Viva, viva! Muito obrigado por esse texto!

Até logo!

Anônimo disse...

Sobre milagres ...

O senhor Dawkins tem razão: para Deus, milagres não existem. Isso é inquestionável.

O fato é que tudo aquilo que existe já estava no campo das possibilidades. Então, não conhecendo as leis supremas de Deus, para o homem tudo que é novo é milagre.

Para Deus, entretanto, não há milagres. Ele opera no campo de suas próprias leis, algumas das quais permite que os homens descubram. Outras Ele deixa fora do alcance humano enquanto achar conveniente.
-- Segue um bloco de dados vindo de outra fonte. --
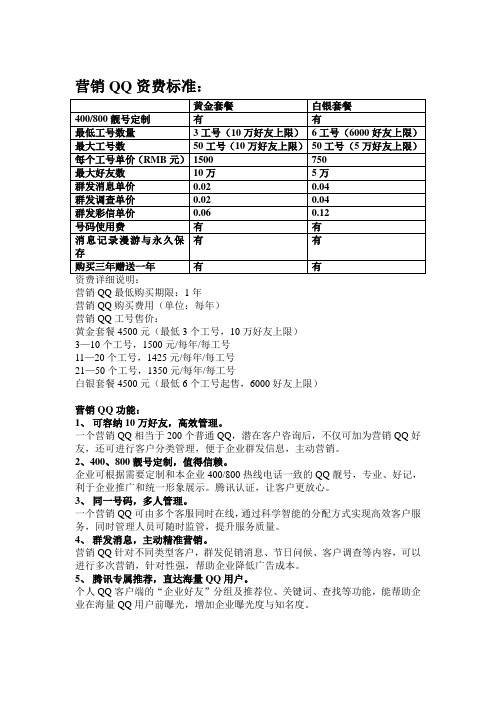 企业QQ——营销QQ基础版报价及功能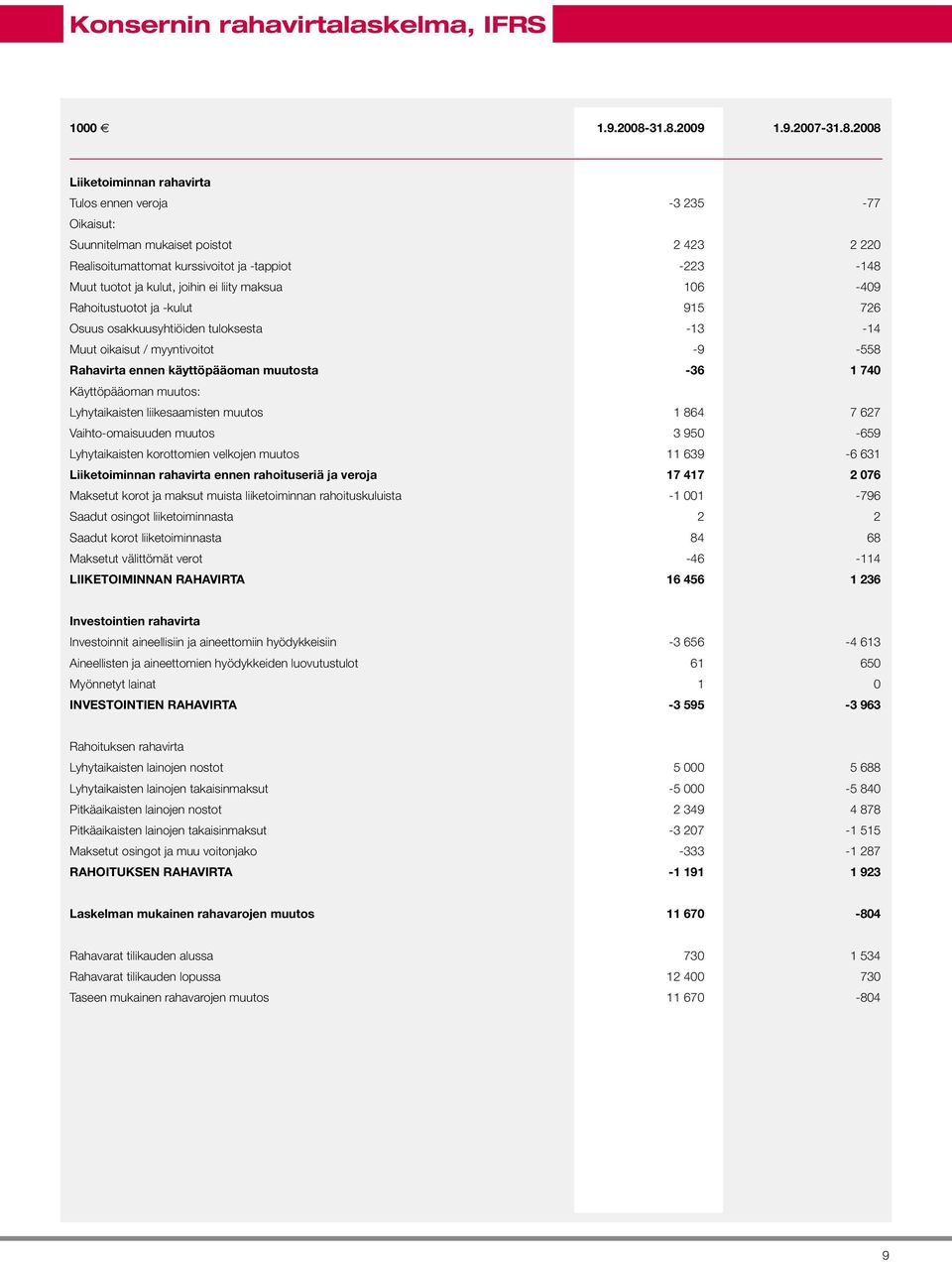 ja kulut, joihin ei liity maksua 106-409 Rahoitustuotot ja -kulut 915 726 Osuus osakkuusyhtiöiden tuloksesta -13-14 Muut oikaisut / myyntivoitot -9-558 Rahavirta ennen käyttöpääoman muutosta -36 1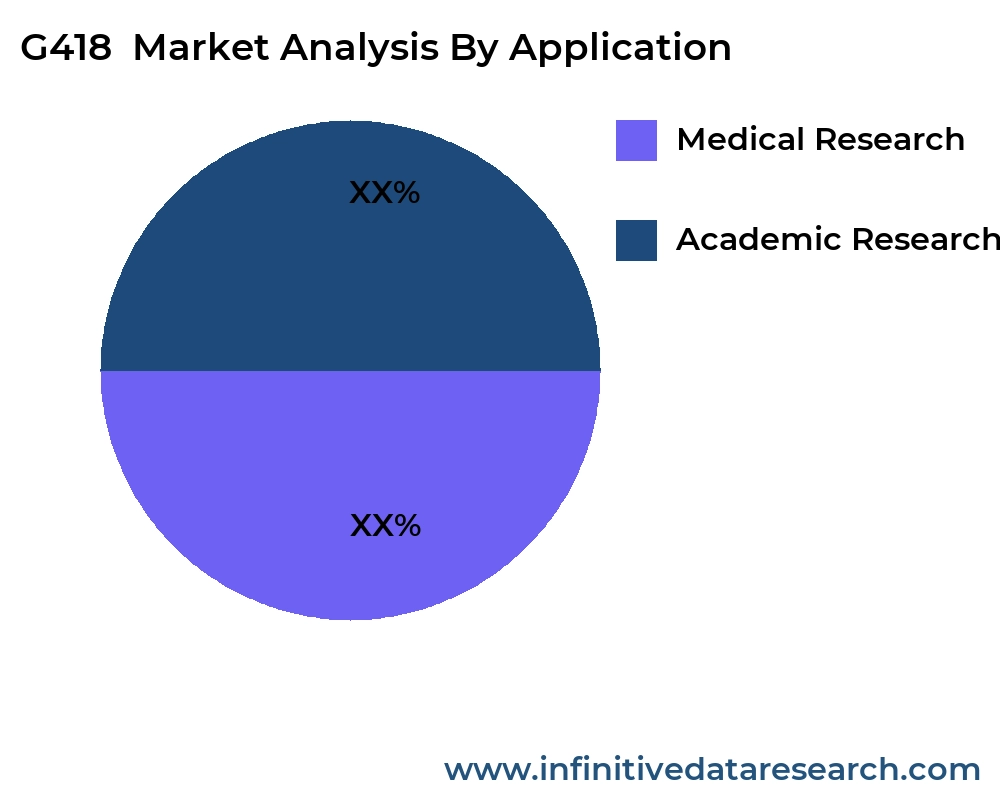G418 market by application - Infinitive Data Research G418 market by application - Infinitive Data Research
Por outro lado, tudo é milagre. Só existem milagres. Como eu posso existir aqui e agora senão por um milagre de Deus?

O evolucionista diz que tudo veio do nada, numa grande explosão. Isso não é um milagre? Se tudo vem do nada, tudo já estava contido no nada. Que milagre!

Ao senhor Dawkins eu diria que a própria possibilidade de conhecer é um milagre. O senhor Dawkins é fruto um milagre!

Alucinação coletiva pode existir? Sim, pode. E isso faz parte do milagre. Já aconteceu de os homens ficarem loucos por tulipas holandezas.

Anônimo disse...

Sobre milagres ...

Prezado Luiz Ricardo,

Concordo com Dawkins que não existem milagres. Contudo, eles não existem sob a perspectiva de Deus, pois para os homens, só existem milagres.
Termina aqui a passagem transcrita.